* [MATERIALS PROVIDED]

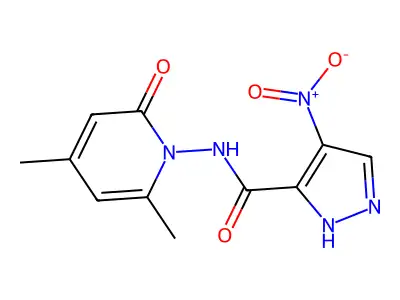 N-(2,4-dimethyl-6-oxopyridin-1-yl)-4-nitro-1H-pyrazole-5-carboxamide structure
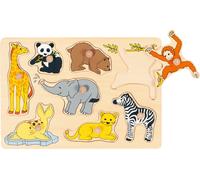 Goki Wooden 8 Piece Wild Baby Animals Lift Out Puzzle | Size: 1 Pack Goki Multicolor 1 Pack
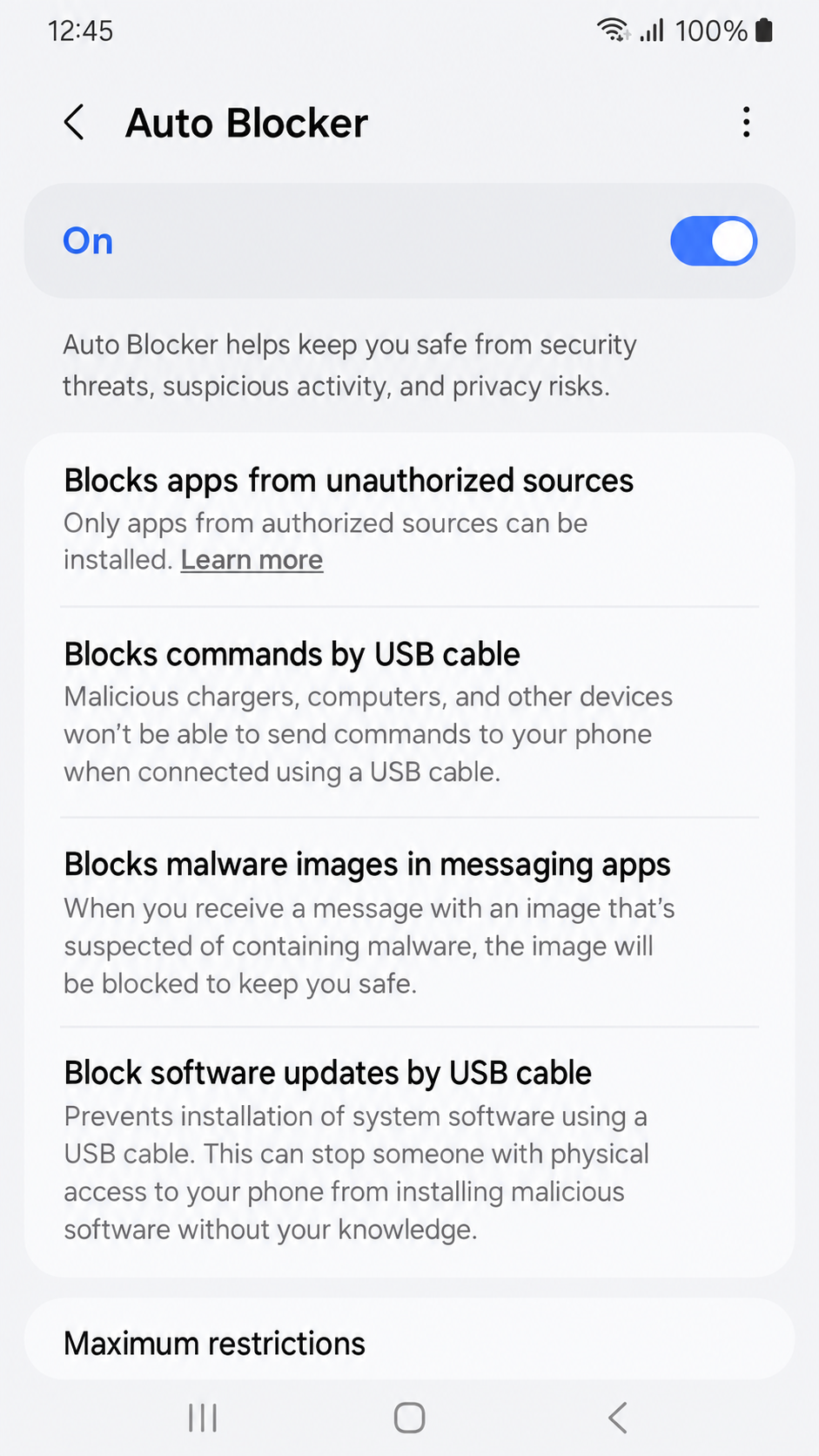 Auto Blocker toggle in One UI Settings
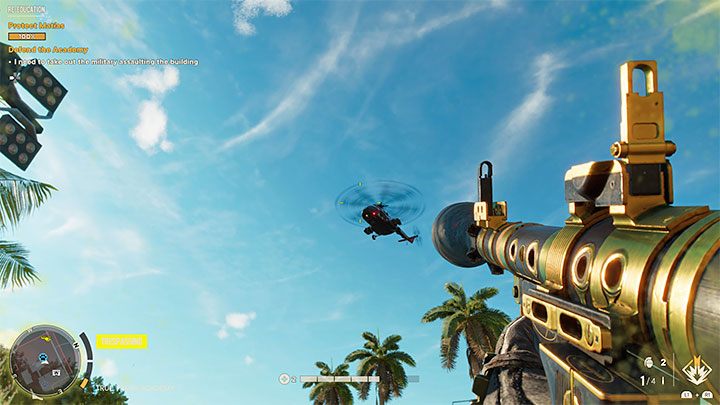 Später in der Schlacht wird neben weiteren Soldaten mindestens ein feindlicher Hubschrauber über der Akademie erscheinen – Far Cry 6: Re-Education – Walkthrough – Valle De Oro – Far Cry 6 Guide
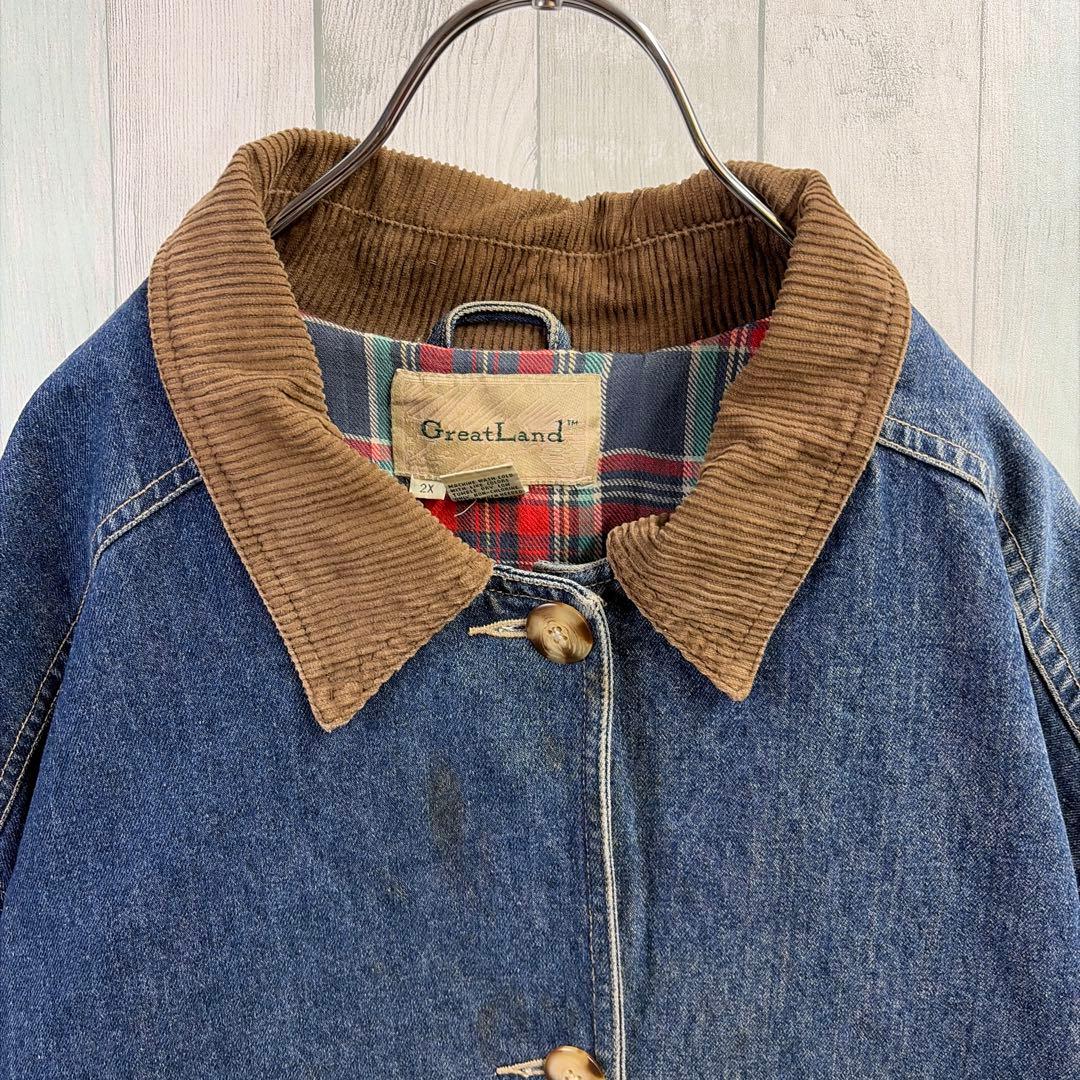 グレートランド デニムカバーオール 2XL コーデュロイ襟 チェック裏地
---
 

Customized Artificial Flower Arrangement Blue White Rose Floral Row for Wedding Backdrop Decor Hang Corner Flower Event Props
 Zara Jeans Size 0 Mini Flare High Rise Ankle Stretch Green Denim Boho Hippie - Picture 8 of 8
--
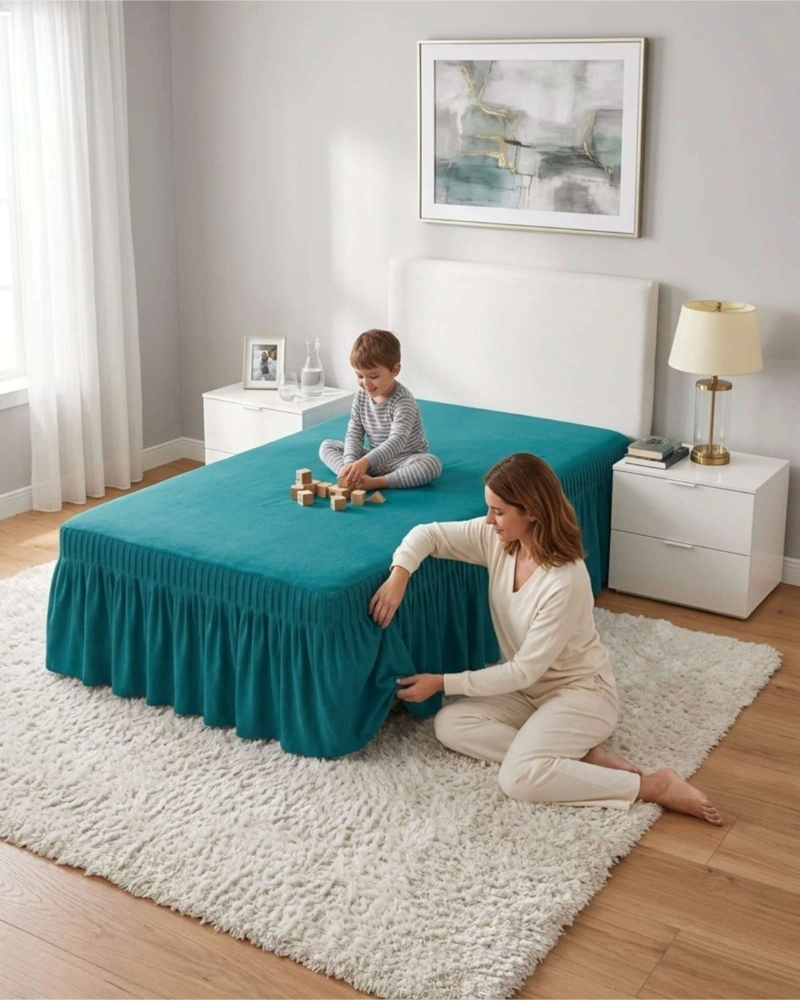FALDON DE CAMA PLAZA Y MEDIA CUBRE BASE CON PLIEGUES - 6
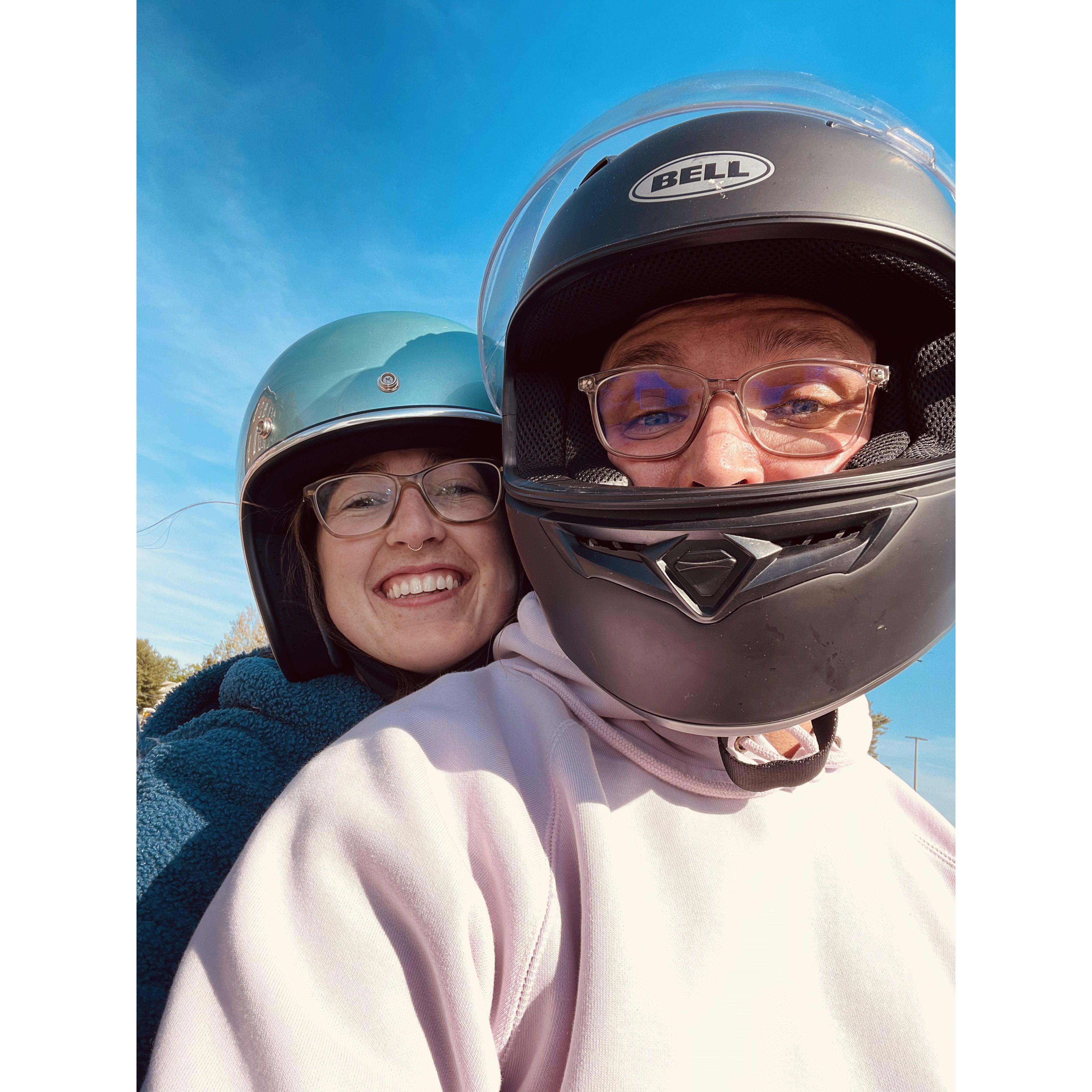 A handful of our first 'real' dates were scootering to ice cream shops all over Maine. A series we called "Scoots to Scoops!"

* [EXERCISE OBJECTIVE]
Without the pictures, give again exactly the lines above starting at the line containing "FALDON DE CAMA" and ending at the line containing "A handful of".

* [OUTPUT BELOW]
FALDON DE CAMA PLAZA Y MEDIA CUBRE BASE CON PLIEGUES - 6
 A handful of our first 'real' dates were scootering to ice cream shops all over Maine. A series we called "Scoots to Scoops!"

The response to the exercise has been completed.